Styling possibilities for visited links will be limited

Apr 1, 2010 14:52 GMT  ·  By

Mozilla has announced that it is planning to finally fix a privacy issue known as browsing history leaking, which has been around since at least 2002. The changes will limit the styling options for visited links and prevent JavaScript from obtaining the computed style of a link.

CSS history sniffing is a type of attack in which a Web page is capable of determining what sites you visited in the past. Theoretically, this is not possible because of a bug in the actual browsers, but rather because of a design flaw in the CSS specification, which calls for different styling of visited links.

Various implementations of the CSS history hack have been developed over the years, Mozilla having this issue marked as P1 (major problem) in its bug tracking system since as far back as 2002. However, a definitive solution would involve radical measures such as disabling visited link styling entirely, which would hurt usability and break an important aspect of the Web experience.

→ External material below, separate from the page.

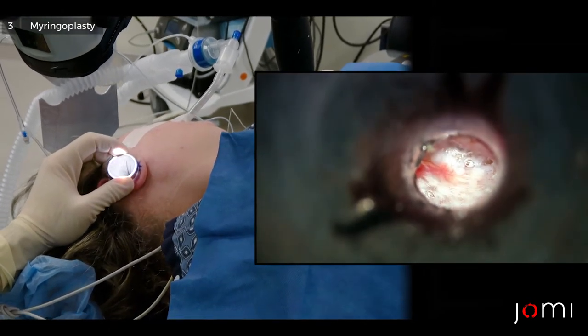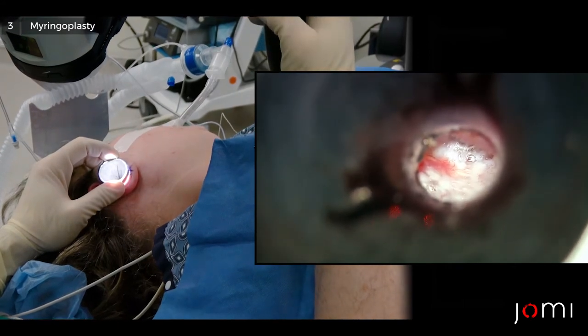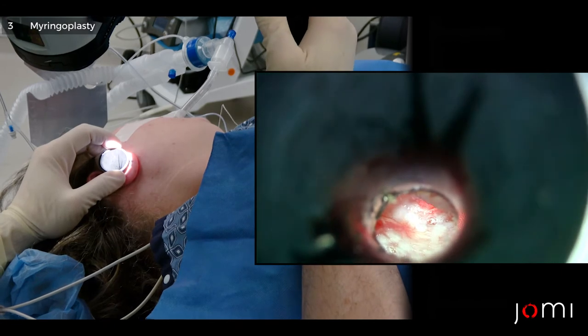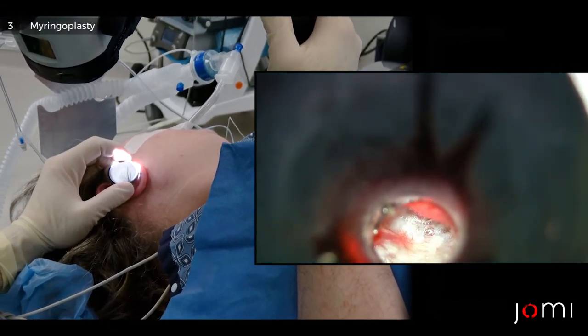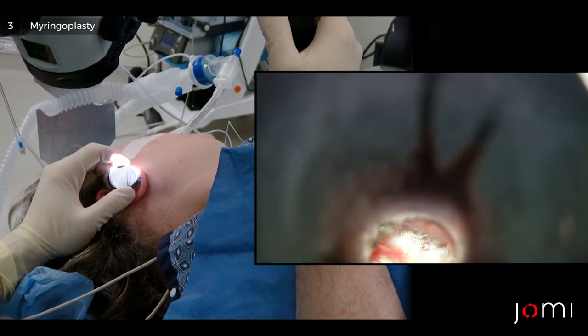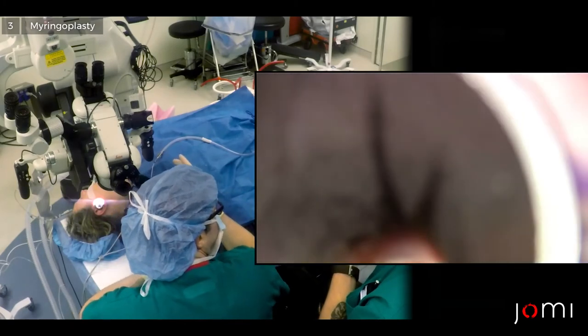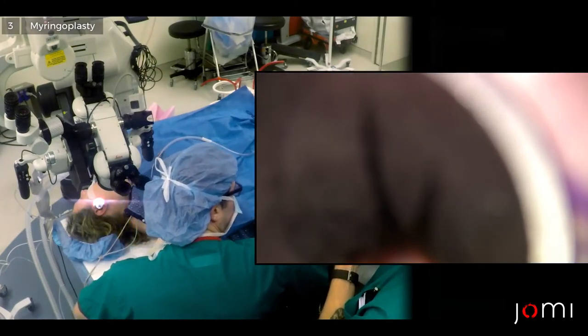That's pretty much it. Now we have an adequately tightened eardrum. That little bit of char there did not perforate it, but that's about where I'm going to put my tube. So now I'm going to put a T-tube in. We're done with the laser.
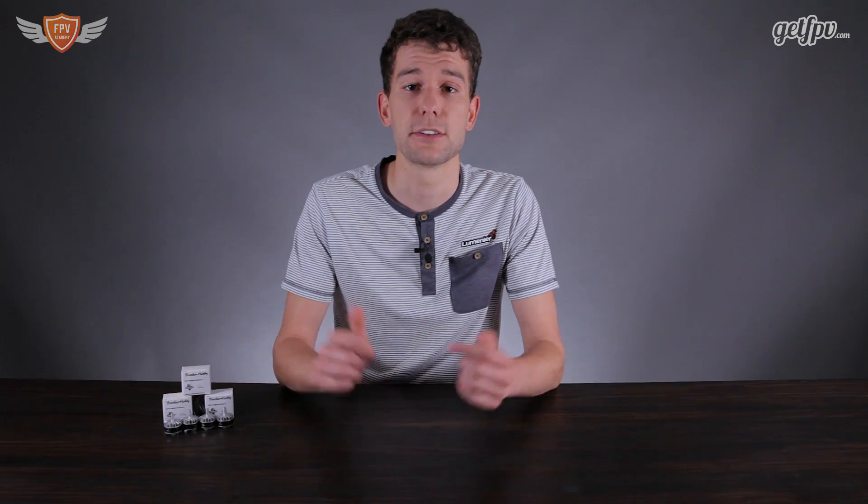All in all, the Tornado T2 by Brother Hobby is a really great motor if you're looking for performance. Brother Hobby has done a great job producing this motor, especially taking into consideration how long they've been on the market. If you're interested in purchasing the Tornado T2, it is available on the GetFPV.com store — there's a link in the description below. If you enjoyed this video, hit the like button and subscribe for more videos going forward. Thank you guys so much for watching!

Because of this, Mozilla's fix intends to only tackle the most dangerous attacks. "The biggest threats here are the high-bandwidth techniques, or those that extract lots of information from users’ browsers quickly. These are particularly worrisome since they enable not only very focused attacks, but also the widespread brute-force attacks that are, in general, more useful to a variety of attackers," Sid Stamm of Mozilla Security explains.

First of all, the upcoming changes will limit the styling of visited links (a:visited in CSS) to color only. Then a series of layout engine modifications will resolve the layout time differences for visited and unvisited links, so that it can't be used for the so called timing attacks. Additionally, JavaScript functions such as getComputedStyle(), which are critical to the success of these hacks, will be prevented from determining a link's style, at the browser level.

However, not everyone is so enthusiastic about this fix as Mozilla. "You’d think I’d be doing back flips since we’re finally going to see an end to this. Well… the problem is we won’t," web security expert Robert "RSnake" Hansen commented on his blog. "The first problem is that this is only Mozilla - so we’re talking about a minority of all users. Secondly, of all the hacks we have at our disposal, this is just an information leakage. […] There are still other timing based attacks to get the same information. So while it’s great that we’re finally fixing an 8 year old P1 bug, it’s not like the problem is gone, we’ve just removed one vector," the reputed security researcher explained.